Lilin kecil itu terus bersinar untuk
mencahayai relung hati dan menerangi akal budi. Seperti Cakrawala, lilin itu
tak mau bergeming dan enggan menyerah hingga berakhir pasrah pada kehendak
Ilahi. Terjadilah padaku menurut perkataamu dan atau bukan kehendakku yang
terjadi tetapi kehendak-Mu. Kita manusia memang seharusnya merencanakan banyak
hal dan biarlah Tuhan yang menentukan.
Kawanku menyajikan sepotong cerita yang
didapatnya kemarin pagi. Tentang seorang anak Tuhan bernama Nurul. Dilahirkan
dari keluarga muslim yang taat dan dengan
penuh ceria-bahagia menimba ilmu di taman SMP Hati Tersuci Maria. Sebuah
sekolah Katolik di batas kota Atambua. Si Nurul kecil itu pasti tidak banyak
mengenal sosok Bunda Maria pelindung sekolah ini. Tetapi jika kemudian ia betah
dan sangat ceria dan bahagia di taman ini maka kisah ini menjadi cerita
kehidupan yang mampu menembus tetapi tidak melukai. Oktober ini akhirnya bukan
hanya manis dan teduh tetapi juga menggetarkan. Sepotong kisah ini menjadikan
pagi ini menjadi utuh dan sempurna. Di batas kota ini kisah kami adalah kita yang ingin tahu
manis, teduh dan bagaimana menikmati
Oktober yang menggetarkan.
***
Kabar tentang keinginan Sr. Elga Lucia
Rafu, SSpS.,S.Pd., Kepala Sekolah SMP Katolik HTM Halilulik sudah disampaikan
sebelumnya. Pernah dijadwalkan sebuah tanggal tampan di awal Oktober tetapi
keburu direbut beberapa kegiatan yang sifatnya mendesak maka kami bergeser ke
sini. Ke tanggal 24 hingga 26 Oktober. Waktu yang selalu asyik jika mau
mengabadikan diri dalam satu cara. “Pak Gusty, rapor pendidikan untuk sekolah
kami, sepertinya bikin hati resah. Ada literasi dan numerasi yang berada di
bawah kompetensi minimum. Kami mau Cakrawala hadir dan “menerangi” hati dan
pikiran para guru dan anak-anak kami. Ajak mereka untuk bersama lalui jalan
sunyi literasi itu” ujar Suster Elga tenang.
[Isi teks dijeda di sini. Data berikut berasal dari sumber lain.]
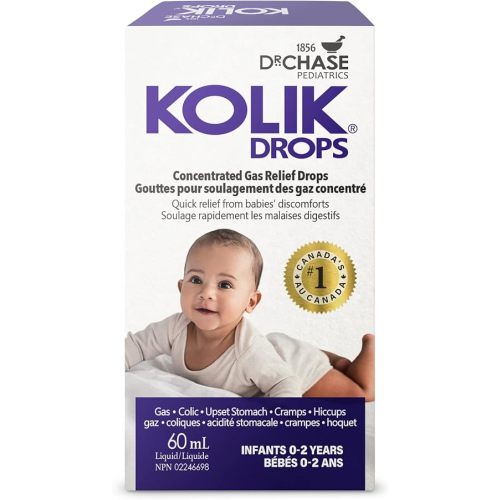 Dr. Chase Pediatrics Kolik Concentrated Gas Relief Drops for Baby Colic, Relief for Infants - All Natural Drops for Babies - Herbal Formula to Ease Digestive Discomfort & Fussiness, Made in Canada, 60ml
Tiba-tiba saya teringat akan situasi
dehidrasi di ini NTT. Banyak guru yang enggan mendaftar dan kalaupun ada yang
mendaftar banyak yang tidak submit
dan tidak lolos Calon Guru Penggerak (CGP).
Nilai Ujian Kompetensi Guru (UKG) yang berada di bawah rata-rata,
banyaknya guru yang memakai Joki untuk penulisan PTK kenaikan pangkat, ada
sekian banyak jasa pembuat skripsi, masih banyak anak yang sulit membaca
padahal sudah berseragam putih-biru dan aneka bentuk contoh situasi dehidrasi
di NTT.
Wajah pendidikan di ini tanah sudah
luka, bernanah dan bopeng. Di Oktober ini, seharusnya bukan hanya tanam jagung
tetapi juga tanamkan ilmu khususnya di literasi dasar, finansial, kewargaan,
dan digital. NTT ini harus ditanam banyak anakan kegiatan produktif agar
karakter anak bangsa terbentuk, matang
dan sedap untuk dilihat.
Si Nurul kecil itu duduk bersama Maria,
sahabat baiknya. Seperti yang lainnya mereka menatap dalam aneka rasa yang
tidak biasa di atas hatinya yang polos dan tulus. Menunggu arahan dan dinamika
yang kami ciptakan. Di belakang sana, para guru duduk manis-berwibawa dan
“merelakan” anak-anak mereka ditempa, diarahkan di tiga hari yang ranum ini.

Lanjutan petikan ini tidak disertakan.